What the exercise asks
Your task is to copy the stretch of lines in the records below that begins with the line containing "This gives you" and ends with the line containing "Jumping to a", exactly as written, with nothing added.

Input data
↓↓↓

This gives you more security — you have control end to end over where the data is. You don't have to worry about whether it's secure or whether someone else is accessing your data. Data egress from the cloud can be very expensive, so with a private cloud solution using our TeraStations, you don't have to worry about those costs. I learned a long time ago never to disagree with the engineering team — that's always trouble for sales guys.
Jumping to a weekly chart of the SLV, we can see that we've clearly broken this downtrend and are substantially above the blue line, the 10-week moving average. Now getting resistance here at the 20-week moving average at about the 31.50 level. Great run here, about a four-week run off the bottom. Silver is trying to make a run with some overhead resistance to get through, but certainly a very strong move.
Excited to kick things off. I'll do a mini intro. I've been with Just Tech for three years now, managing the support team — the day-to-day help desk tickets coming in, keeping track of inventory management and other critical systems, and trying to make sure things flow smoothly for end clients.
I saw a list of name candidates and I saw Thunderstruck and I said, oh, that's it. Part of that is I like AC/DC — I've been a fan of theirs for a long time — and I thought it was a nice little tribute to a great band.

↑↑↑
↓↓↓

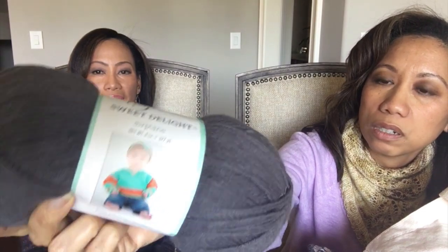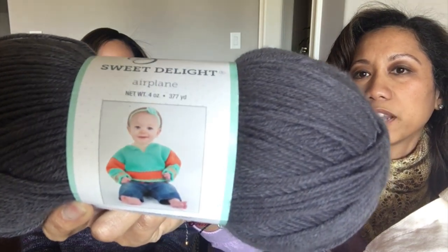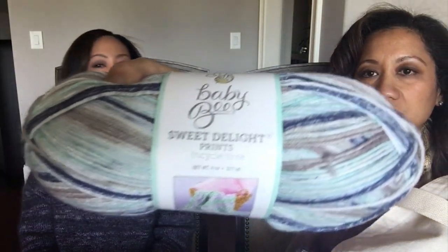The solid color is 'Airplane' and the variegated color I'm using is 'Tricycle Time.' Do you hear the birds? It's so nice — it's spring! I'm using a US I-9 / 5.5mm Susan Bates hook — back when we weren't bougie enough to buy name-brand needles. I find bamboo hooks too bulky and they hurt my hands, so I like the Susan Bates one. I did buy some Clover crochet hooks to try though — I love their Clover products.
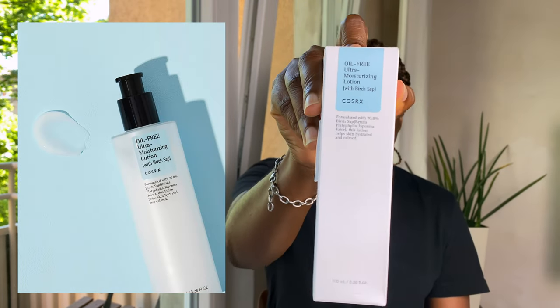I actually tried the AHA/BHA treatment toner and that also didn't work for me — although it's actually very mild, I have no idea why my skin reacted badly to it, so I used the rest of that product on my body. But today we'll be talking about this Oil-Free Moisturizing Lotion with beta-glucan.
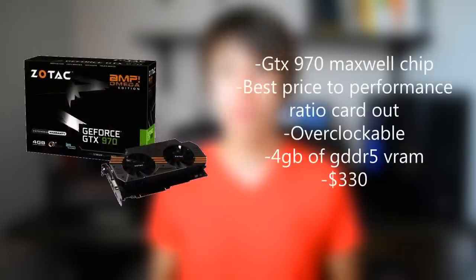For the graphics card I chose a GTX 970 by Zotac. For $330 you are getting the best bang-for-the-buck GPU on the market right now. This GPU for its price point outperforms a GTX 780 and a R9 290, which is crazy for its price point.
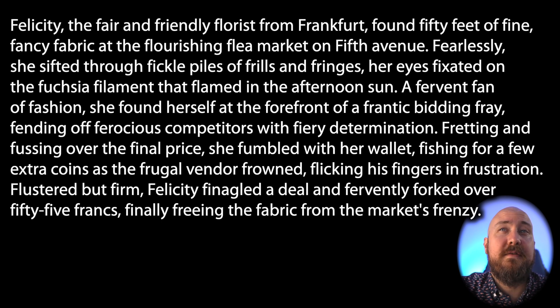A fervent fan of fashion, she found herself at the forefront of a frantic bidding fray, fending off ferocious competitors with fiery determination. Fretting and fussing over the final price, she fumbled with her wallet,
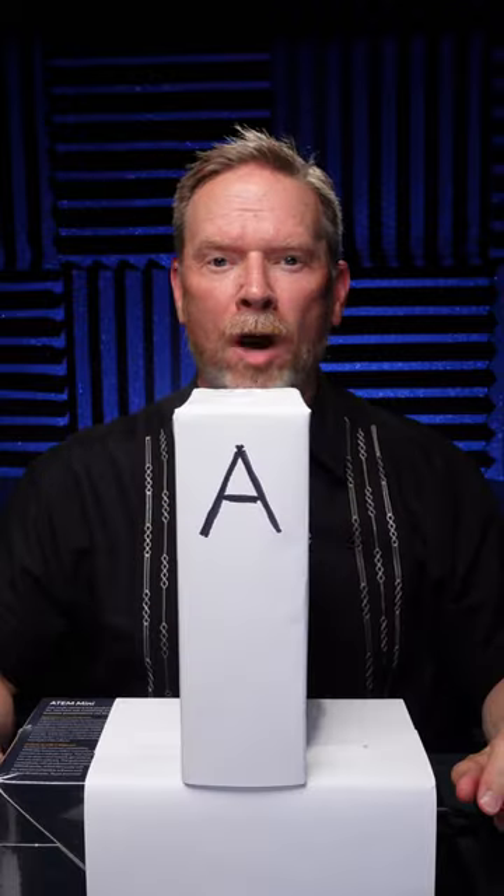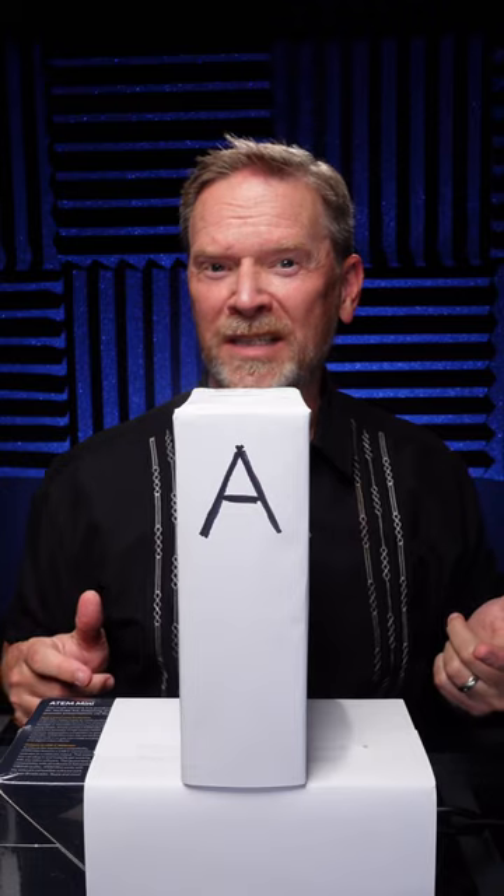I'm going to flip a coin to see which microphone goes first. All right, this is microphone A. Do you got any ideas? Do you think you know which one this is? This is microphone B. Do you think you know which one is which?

↑↑↑
↓↓↓

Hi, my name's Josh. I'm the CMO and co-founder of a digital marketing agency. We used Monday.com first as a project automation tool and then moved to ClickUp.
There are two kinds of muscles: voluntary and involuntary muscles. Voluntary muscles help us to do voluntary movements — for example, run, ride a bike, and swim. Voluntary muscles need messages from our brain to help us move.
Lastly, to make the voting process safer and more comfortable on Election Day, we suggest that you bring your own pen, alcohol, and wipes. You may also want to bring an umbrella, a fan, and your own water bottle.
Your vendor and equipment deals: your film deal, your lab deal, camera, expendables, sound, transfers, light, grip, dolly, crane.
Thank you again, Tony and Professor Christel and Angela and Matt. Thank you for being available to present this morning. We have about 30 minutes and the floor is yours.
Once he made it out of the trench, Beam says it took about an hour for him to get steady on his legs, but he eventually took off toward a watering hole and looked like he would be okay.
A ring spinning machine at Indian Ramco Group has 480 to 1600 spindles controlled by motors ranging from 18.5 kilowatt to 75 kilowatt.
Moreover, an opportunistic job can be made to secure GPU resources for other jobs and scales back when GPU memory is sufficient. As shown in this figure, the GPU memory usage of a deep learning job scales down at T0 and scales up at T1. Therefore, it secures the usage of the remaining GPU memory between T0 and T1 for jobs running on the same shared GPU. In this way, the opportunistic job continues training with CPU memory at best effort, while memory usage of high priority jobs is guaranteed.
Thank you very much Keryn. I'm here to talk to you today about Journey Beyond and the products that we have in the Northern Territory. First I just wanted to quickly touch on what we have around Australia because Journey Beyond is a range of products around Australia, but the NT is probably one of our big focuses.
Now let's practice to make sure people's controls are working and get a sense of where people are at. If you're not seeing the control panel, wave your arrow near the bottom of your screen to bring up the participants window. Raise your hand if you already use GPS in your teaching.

↑↑↑

The answer
This gives you more security — you have control end to end over where the data is. You don't have to worry about whether it's secure or whether someone else is accessing your data. Data egress from the cloud can be very expensive, so with a private cloud solution using our TeraStations, you don't have to worry about those costs. I learned a long time ago never to disagree with the engineering team — that's always trouble for sales guys.
Jumping to a weekly chart of the SLV, we can see that we've clearly broken this downtrend and are substantially above the blue line, the 10-week moving average. Now getting resistance here at the 20-week moving average at about the 31.50 level. Great run here, about a four-week run off the bottom. Silver is trying to make a run with some overhead resistance to get through, but certainly a very strong move.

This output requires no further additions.